CM: It becomes more difficult because there's an enormous amount of data and expertise in that area to stitch together. There's consumer-based measurements with traditional POS data or consumer panels that enable you to track what's happening, although when you do that approach you don't necessarily get the granularity and accuracy. We have the capability now to use person-level data sets to connect someone's media consumption and other behaviors to their spend activity. And while that may not be totally representative of the entire industry, it's extremely granular and enables almost real time decision making.

RL: Explain what that means please.

CM: By reducing the time, cost and resource demands of traditional analytics, coupled with simple and intuitive tools, our Everyday Analytics will make sophisticated analytics more accessible for everyday decisions across all FMCG growth drivers, including price and promotion, advertising and innovation. To explain this further, traditionally you would run a marketing mix model using store data and it could take a month or two to be able to understand all the different drivers of the marketing mix. We are now able to do that almost in real time and refresh the model every time the data refreshes. That person level data allows you to understand consumer behavior. The secret sauce is often how you connect these data sets on a person level.

RL: The notion of big data not being better data is interesting. What are your thoughts on AI and machine learning, two of the hottest topics in retail right now?

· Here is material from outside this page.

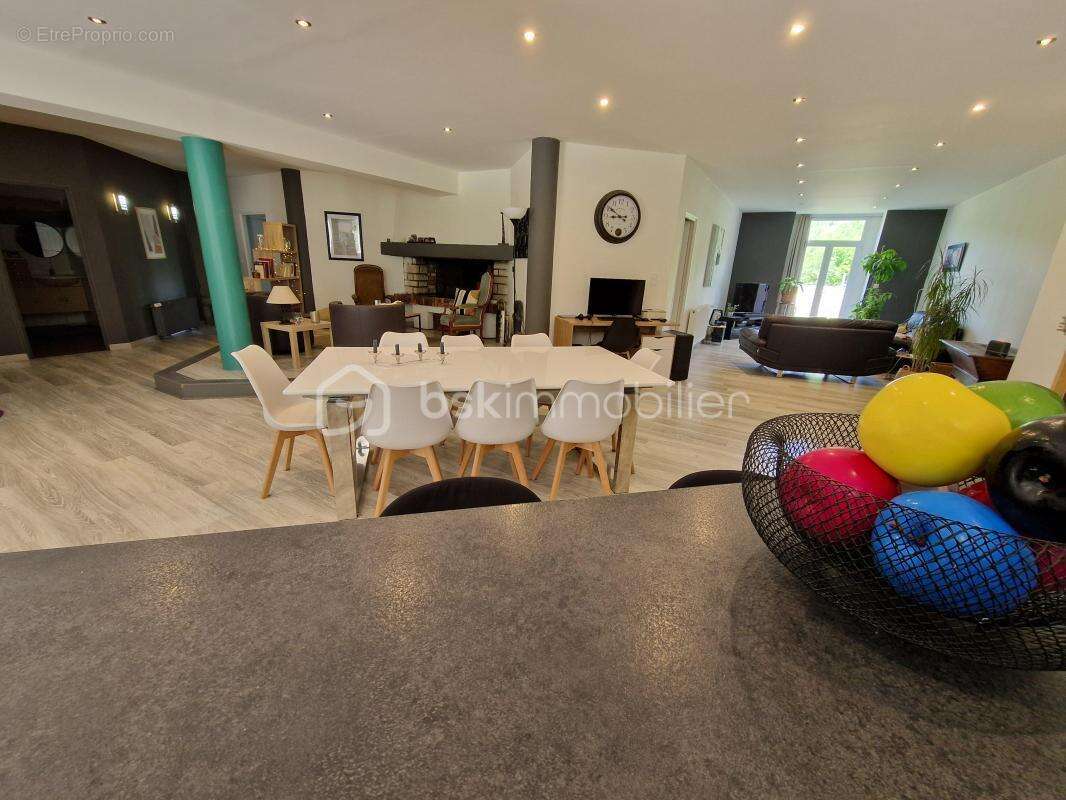 Appartement à CLAIRVAUX-LES-LACS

CM: Clearly AI, machine learning are important. They are buzzwords to the extent that you could argue the word AI is often used when perhaps machine learning should be, in terms of whether something is artificial intelligence or just a clever algorithm. Just to give an example, the coding of these millions of items from e-commerce, consumer captured receipts, is not something that can be done manually. So you need to have machines that learn how to code those products.